You were feeling good over the winter holiday, moving lots, getting your steps in, things were starting to look good for 2023…
January comes, and you back to sitting in front of your computer or technology once again, thinking about the back and neck pain that creeps in when you don’t move as much…
Try these exercises to help alleviate that pain and ensure you’re maintaining good posture while sitting.
1. Modified Thread the Needle
- Start on all fours with core engaged. You are going to place one hand behind your neck. Next, you are going bring that arm across the body to the opposite arm and then you are going to reach that same arm up towards the ceiling as far as is comfortable. Make sure to have your head flow your arm through the movements. Repeat movement on the other side.
- Complete 3 sets x 10 reps on each side.
2. Pec Stretch
- Lay with your back on a half foam roller or rolled up towel. The roller should reach from your hips to your head. Next, place both hands under your neck and drop your elbows down towards the floor You should feel a stretch along the front of your chest. Hold this position for the desired time.
- Complete 3 sets x 60 second holds
3. Banded Wall Slides
- Start standing near a wall with a band around your forearms and your forearms touching the wall. Next engaged your core with your chest up tall. Pull your shoulder blades back and down from your ears then slide your arms up the wall as high as possible while maintaining shoulder position. Return to the start position and repeat. Keep tension in the band throughout the movement.
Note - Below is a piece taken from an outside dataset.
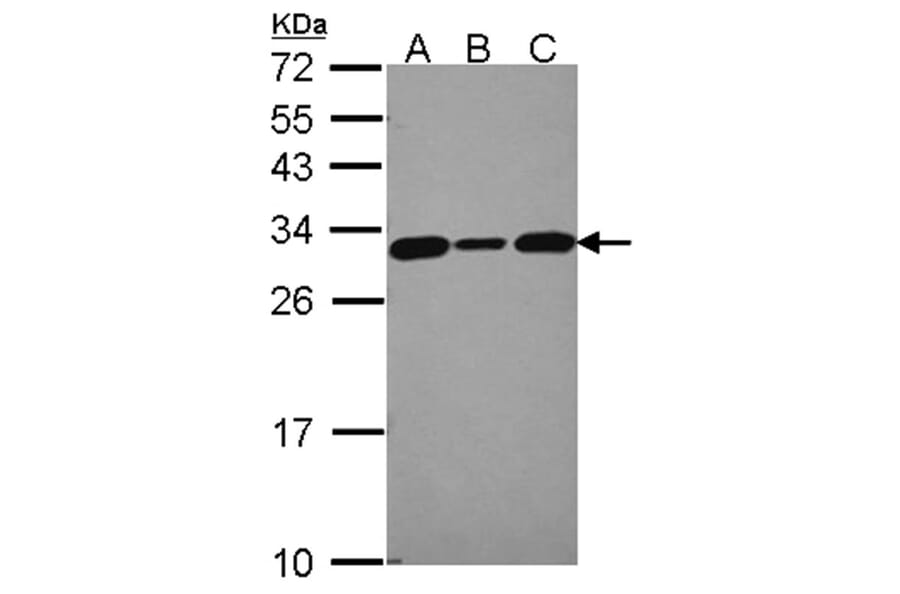 CacyBP antibody from Signalway Antibody (22712) - Antibodies.com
- Complete 3 sets x 10 reps
4. Deep Neck Flexor Holds
- Lay flat on your back with your head on the ground. Next, you are going to poke your chin towards the ceiling then you are going bring it down into a double chin in a slow controlled manner. You want to do this without engaging the major muscles in your neck but instead the little ones that are deeper in the neck. Once you’ve created your double chin you are going to lift your head just off the floor and hold it for the recommended time. Return to the start position and repeat.
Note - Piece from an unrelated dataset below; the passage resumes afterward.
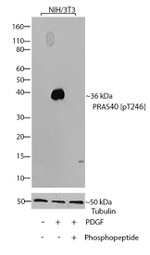 Phospho-PRAS40 (Thr246) Antibody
- Complete 3 sets x 5 reps, with 2 second hold at the top position
5. Dead Bug – Phase 1
- Lay flat on your back, you are going to engage your core by bringing your ribs down like a mid-point of a cough and tilting your pelvis up so that your back is flat on the ground. Now you are going to lift one knee up to 90* hip Flexion in a controlled manner, then return to the start position and repeat on the other side. Throughout the movement, you want to keep your back flat against the ground and remember to breathe.